Propelling the story forward is a colourful cast of supporting characters: Lula DiStefano, self-titled queen of AfricTown and owner of a brothel, who advocates for community improvement while committing sundry acts of evil; Ivernia Beech, an elderly progressive white woman desperate to maintain her autonomy in the face of a conniving son and well-meaning social workers; John Falconer, a brilliant, racially mixed teenager raising himself in AfricTown while filming a documentary on the township; and Viola Hill, a black disabled lesbian struggling to advance her journalism career.
Of these characters, Viola comes closest to voicing Hill’s position on illegal immigration: “As far as she was concerned, it was fair to accuse somebody of doing something illegal but not to say they were illegal.” In interviews, Hill has consistently debunked popular stereotypes that construct refugees as criminals and terrorists, resisting the dubious idea that the only genuine refugee is the one we don’t see. For him, the very idea of the illegal — the notion that people are illegitimate by virtue of their existence — is reprehensible. Describing Keita as “a stranger in a strange land whose only transgression was to exist in a place where his presence was illegal,” Hill suggests that the real transgressors are those practising exclusionary forms of citizenship. It is not the strangers within our gates that threaten our moral codes, but rather our own gated mentality. Fuller lives await us all, he implies, if we allow ourselves to be enriched by the lives of others.

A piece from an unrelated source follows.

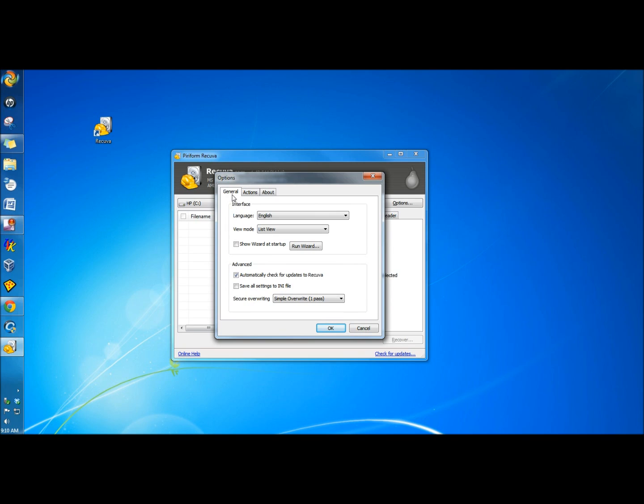In the options, you have the General tab, which you can change your language, view the mode, you can show Wizard at Startup. In the Advanced section, you can automatically check for updates and save all settings to the .ini file.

If fault is to be found in this gripping tale, perhaps it lies in the frenetic pace of the prose. The brisk tempo resembles the urgent tones of the war correspondent — a nod at Hill’s earlier career as a newspaper reporter — and captures the desperation of the refugee’s flight. But light and speed occasionally come at the cost of depth and nuance. Missing is the poetic, meditative quality that marks Hill’s The Book of Negroes as well as such fictional treatments of the refugee experience as Kim Thúy’s Ru and Tasneem Jamal’s Where the Air is Sweet. Richly evocative passages like this are lamentably rare: “Home had a door and as it opened and Keita walked through it, he felt an ocean of tears welling inside him. So he walked back out and closed the door neatly behind him.”
Ultimately, The Illegal is more suspenseful thriller than contemplative narrative. Not lost in its momentum, though, is Hill’s invitation to imagine a world where blood is a symbol of unity rather than division. To accept his call would involve welcoming “the others” in our midst in a mutually affirming act of hospitality.
Julie McGonegal is a writer and editor in Barrie, Ont.